If this way of eating is new to you, welcome! You’re in for a wonderful surprise. If you’re already on this journey, you probably have seen the side effects first hand, including weight loss, more energy, better sleep, and improved digestion, just for starters.

This very easy sweet potato recipe can help you get on track for the New Year, and stay on track with all of your healthy goals. Make extras to have handy throughout the week. It’s nutritious, fiber-rich and full of flavor.


4 sweet potatoes
1 10-ounce package shaved (or shredded) raw Brussels sprouts
1 14-ounce can Tri-Bean Blend (kidney, pinto, and black beans), drained and rinsed
1 tablespoon Homemade Mexican Seasoning (see below)
kosher salt and black pepper, to taste

Garnish: fresh cilantro (optional)


Preheat the oven to 375 degrees.

Prepare sweet potatoes for baking by scrubbing, then poking several times with a fork or knife for steam to escape while baking. Place sweet potatoes on a parchment paper-lined baking sheet or in a nonstick roasting pan and roast for 45 or 50 minutes, or until nice and tender. Remove from oven.

While potatoes are baking, steam sauté Brussels sprouts in a large nonstick skillet over hot heat until almost tender, adding just enough water to avoid sticking. Set aside.

Meanwhile in a small saucepan, combine beans with Homemade Mexican Seasoning and 1/4 cup of water. Bring to a boil; then quickly reduce to a simmer. Allow to heat through completely for a minute or two, until mixture is hot and bubbling and slightly thickened.

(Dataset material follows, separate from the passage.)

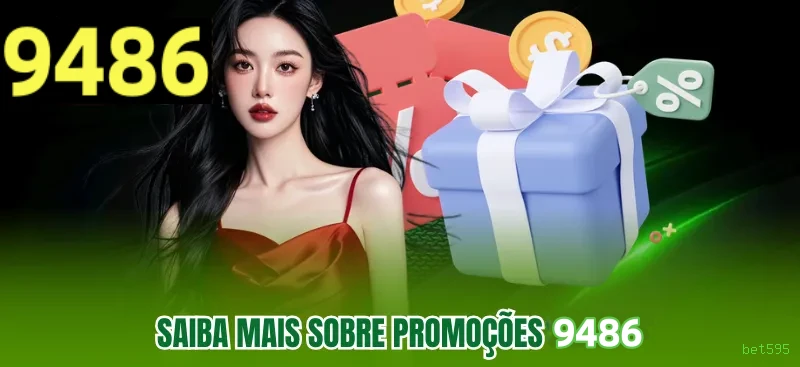 Segurança bet595 SSL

While sweet potatoes are still warm from the oven, split in half lengthwise. Mash (just slightly) with a fork and season with salt and pepper. Top each sweet potato with Brussels sprouts and seasoned bean mixture. Garnish (if desired) with fresh cilantro. Serve immediately.

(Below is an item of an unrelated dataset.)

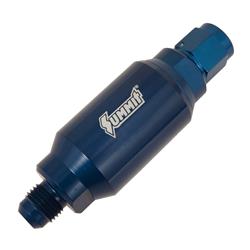 Summit Racing™ Full Flow Fuel Filters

I make this ahead, and just store it in a little jar with my spices. I often multiply this recipe 4 times, which makes around one cup.  

1 tablespoon chili powder
1/4 teaspoon garlic powder
1/4 teaspoon onion powder
1/8 teaspoon cayenne
1/4 teaspoon oregano
1/2 teaspoon paprika
1 1/2 teaspoons cumin
1 teaspoon kosher salt
1/2 teaspoon black pepper

Mix ingredients together in a medium size bowl, and store in a small jar or airtight container.